34 thoughts on “Out This Week / on 4 August 2017

  1. As per several sellers on EBay, the UB40 Present Arms and Labour of Love Deluxe Editions are finally getting a proper release on Friday. After extensive delays some of these trickled out early last year and then went MIA. See prior posts on these for the full saga. Still don’t see these on Amazon but hopeful they will be available.

    1. It looks like a few ebay sellers have got hold of some of the withdrawn copies and are pretending that they are new releases as nobody else is selling them and they even have the same catalogue number as the withdrawn ones. I honestly cannot see these getting a legitimate release but even though it’s good that these are being made available i still cannot justify paying £17.99 each for these.

        1. Not in stock on HMV.com though. They are both on Amazon but are being sold by marketplace sellers. Shocking distribution you have to say.

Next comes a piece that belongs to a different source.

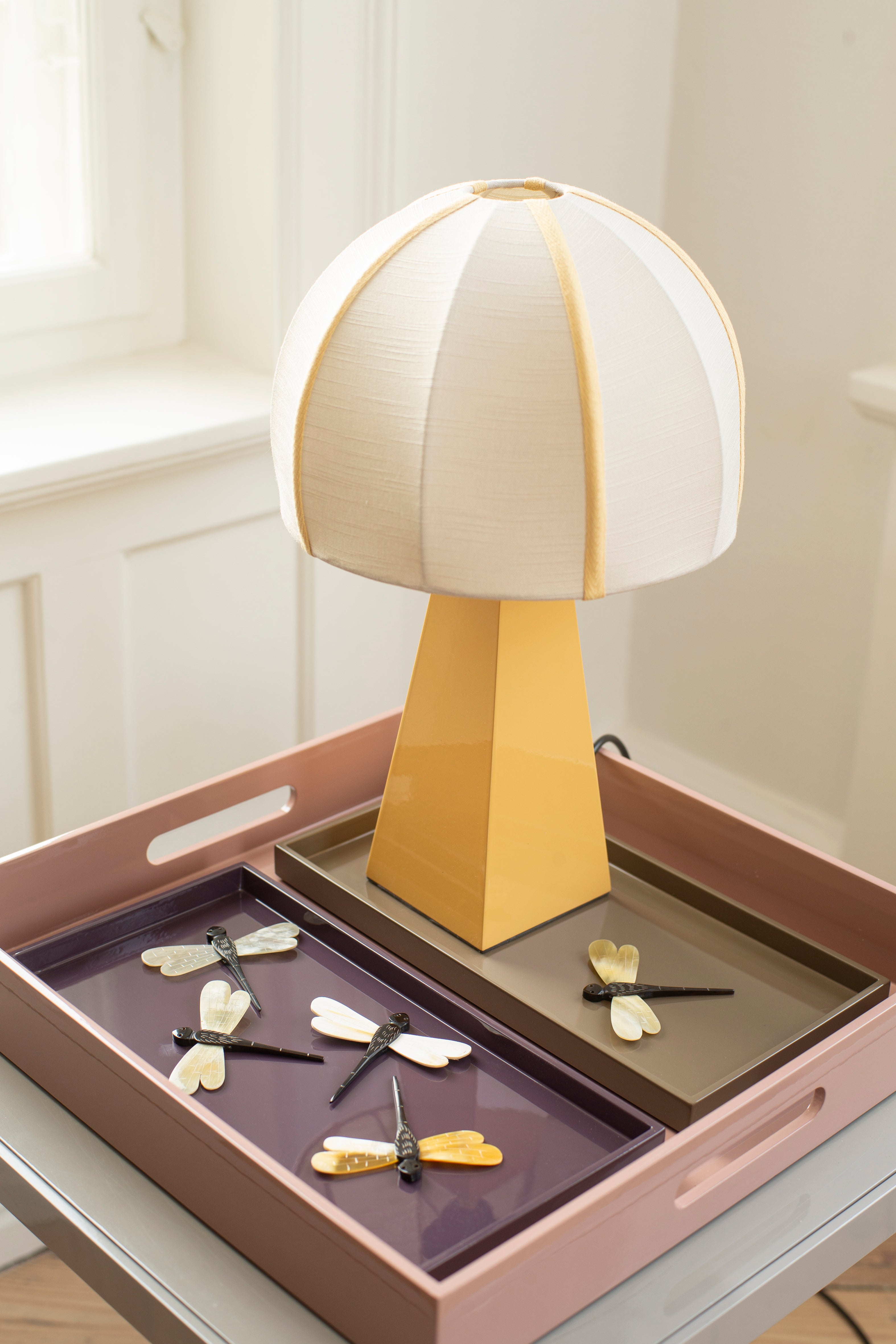 Lacquer Tray 32x16 Earth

  2. Talking about writing one hit, I remember in a school I once taught in the late nineties / early 2000s. Private school, in one of the most expensive areas of the country. We had a boy there who’s father drove a Lamborghini. Lovely bloke – lived in a massive farmhouse.

    Told me he wrote Land of Make Believe for Bucks Fizz and that it meant he never had to work again – although he did. Said that it paid for the house and the car. I was quite surprised as it wasn’t exactly a “cool” song.

    I did love it though.

  3. £15 for an extra 3 songs pass he won’t sell many copies of that and it is reflected on Pledgemusic where there are 452 copies still available. Should have been £14.99 considering the single album is only £9.99.

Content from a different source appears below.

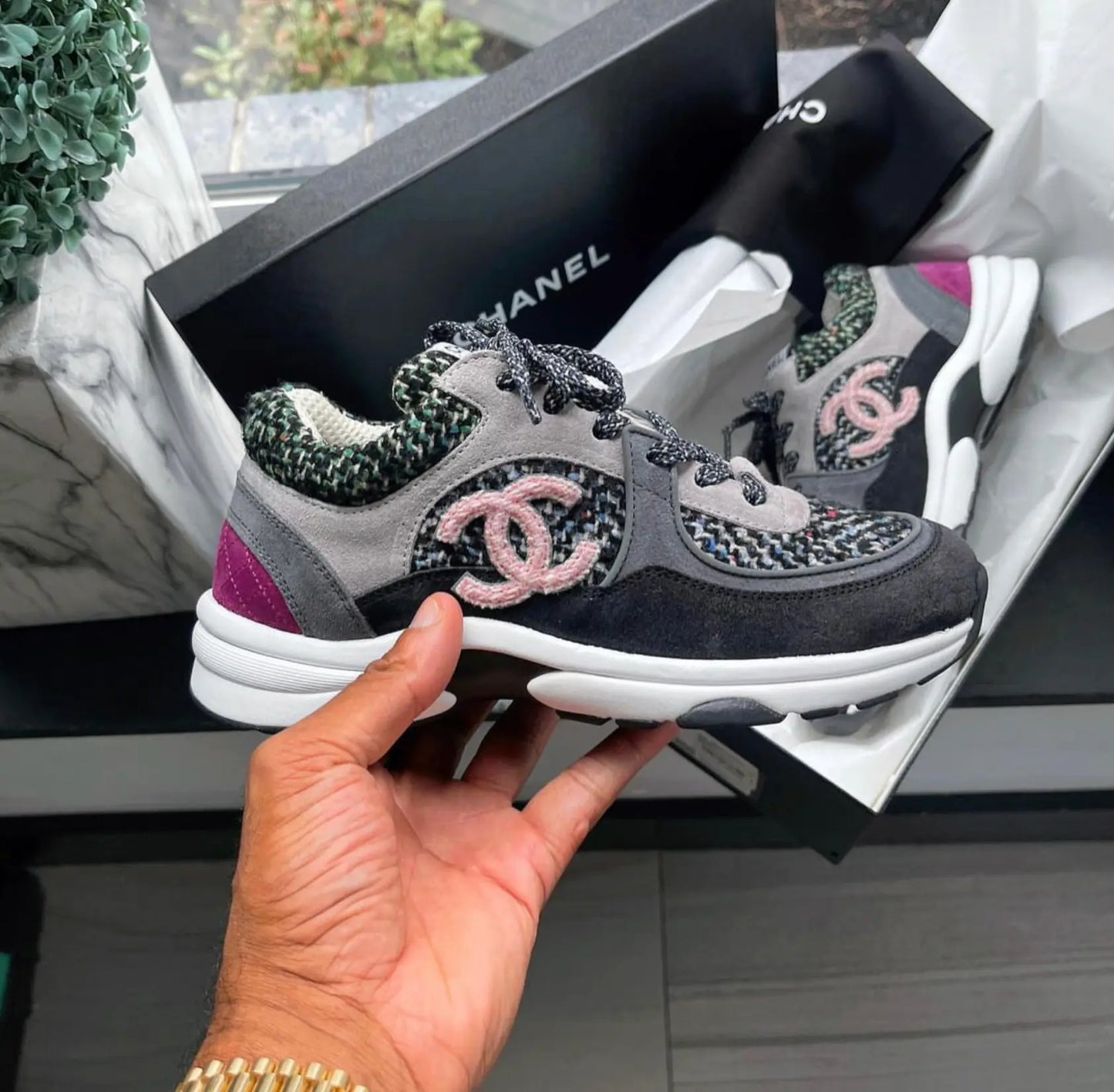 TAJ  LOGO CC SNEAKERS - Chic by Taj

  4. The 2CD version of Nick Heyward’s album doesn’t seem the best value, the standard version is 42mins and the 2CD version only adds an extra 3 tracks, but is double the price. Ok, it is signed and the packaging is better, so charge maybe an extra £4 or £5 pounds, not double. As said above I appreciate as an artist he may not be rolling in cash, but sometimes there needs to be a pricing that’s not giving it away, but seems reasonable and he’s still making a profit. Granted there are other artists far more guilty of it, for example the recent U2 and Paul McCartney reissues who would be both far, far more financially secure.

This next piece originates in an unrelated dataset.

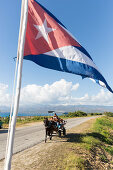 die kubanische Flagge weht am Snorkeling Snack ''La Batea'' an der einsamen Küstenstraße von La Boca nach Playa Ancon, unterwegs gibt es viele schöne kleine Strände, Pferdekutsche, Einsamkeit,  Naturverbundenheit, am Strand, türkisblaues Meer, Familienrei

    I think there is good discussion to be had about pricing of reissues and SDE’s.

    1. Completely agree Simon – I’m something of a Heyward completist (used to buy all of the CD singles for the B-sides etc.) but I couldn’t justify the huge price difference on the Mediabook version just for packaging and 3 extra tracks. Shame really as that would have been my preferred format.

      1. I feel the same way about the upcoming Robbie Williams fan/website exclusive “Under The Radar Volume 2”. Standard edition is only £10, but the deluxe edition is a whopping £30! And what do you get for that extra £20? Two bonus tracks. Pffft.

        OK, I admit there’s also 5 art cards (yawn), booklet, free download and it’s signed, but those extras aren’t worth £20 in my opinion. And for an eye-watering £50 (!!!) it will be a ‘personalised’ autograph. Oh, and a letter. But (once again) I don’t see that being worth an extra-extra £20. Especially when you see the state of his autograph – https://shop.robbiewilliams.com/collections/under-the-radar/products/under-the-radar-volume-2-deluxe-signed-cd – (nice arse, though…)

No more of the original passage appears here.